Jamal Othman, a Tanta Flax Company worker, said: “There is about 4 million pounds worth flux within the company, but so far it has not been used. Since these materials are vulnerable to damage or burning, we have informed the minister who said we would see. There is another problem. In default of non-distribution of flaxseed, the peasants will not be able to timely cultivate the flax crop and therefore there will be no harvest for two years. We told the minister that the company would not be run for two years, even if they took a decision of operation.” He pointed out that the holding company had no intention to run the company and would not take any step to run it.

Next conference

“Towards Unified Labor Law” campaign will hold next Friday, August 29, a public conference entitled “Labor rights and problems between the current labor law and the two drafts drawn by the government and Towards Just Labor Act campaign”.

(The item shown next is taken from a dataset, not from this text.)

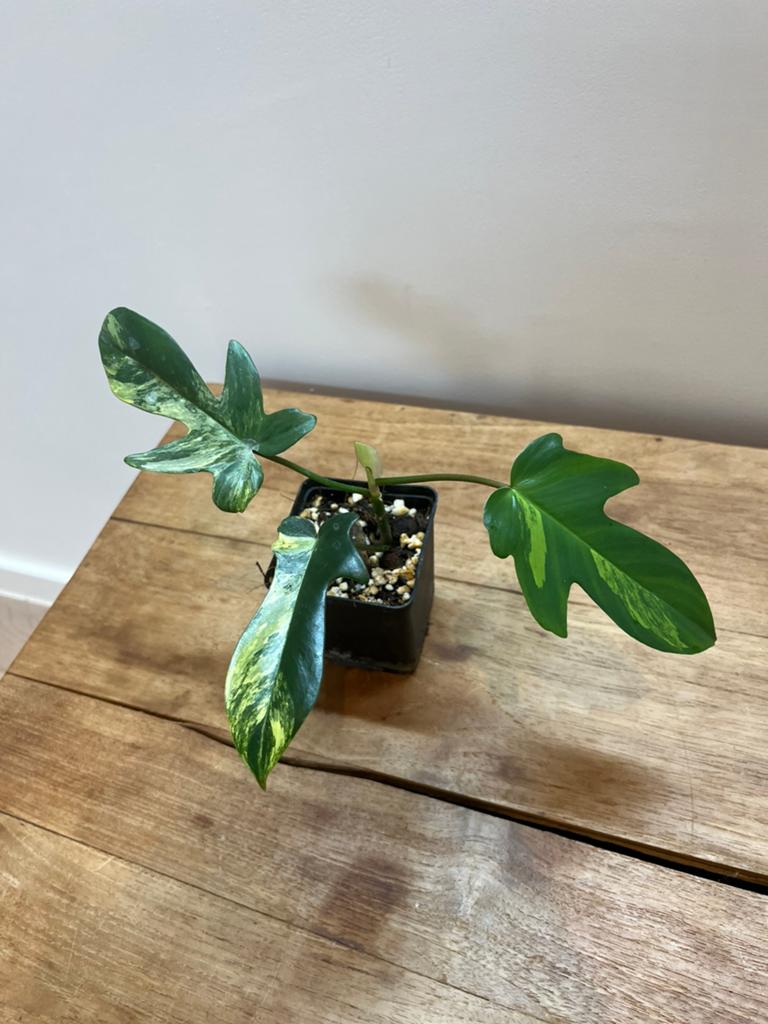 Philodendron Florida Beauty, Huis en Inrichting, Kamerplanten, Verzenden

The conference addresses the labor rights wasted under the current labor law and the draft law presented by the Ministry of Manpower. It poses the pro-business policy that observes the interests of businessmen and company owners at the expense of workers’ interests and rights. It addresses also the solutions provided by “Towards Just Labor Act” campaign in an attempt to pass a fair law that creates a balance between the interests of workers and employers as parties to the employment relationship.